PROBLEM STATEMENT
Reproduce word for word the line holding "Konzert auf dem" and all lines after it in the data, through the end, leaving out pictures.
SUPPLIED MATERIAL Start Marker
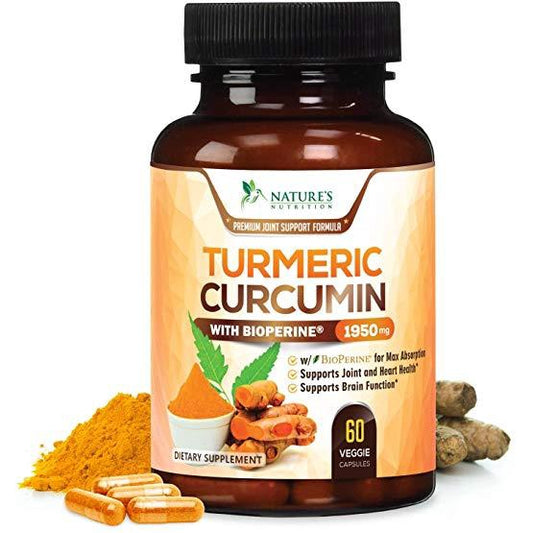 Natures Nutrition Turmeric Curcumin with BioPerine 1950 mg
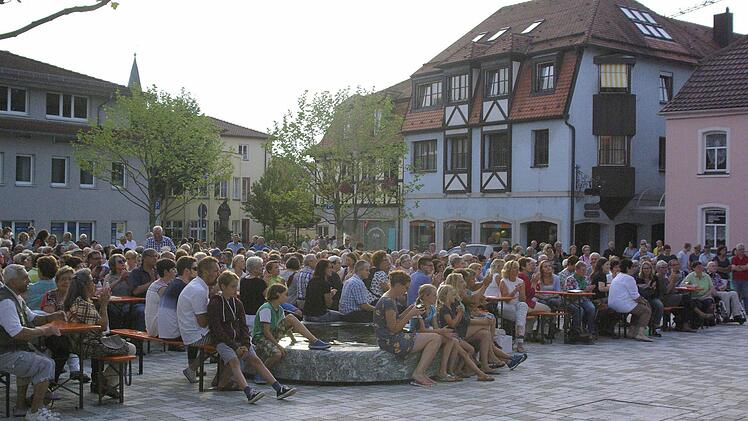 Konzert auf dem Viehmarkt. Foto: Winfried Ehling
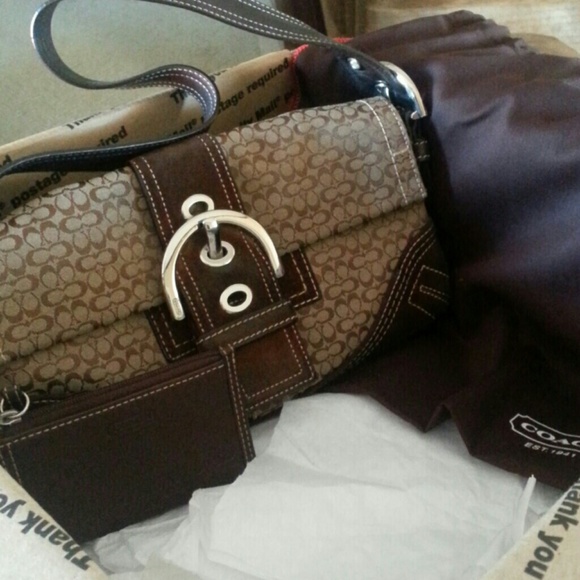 $18 ! COACH BAG & COIN PURSE W/ DUST BAG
SUPPLIED MATERIAL End Marker
EXERCISE RESPONSE
 Konzert auf dem Viehmarkt. Foto: Winfried Ehling
 $18 ! COACH BAG & COIN PURSE W/ DUST BAG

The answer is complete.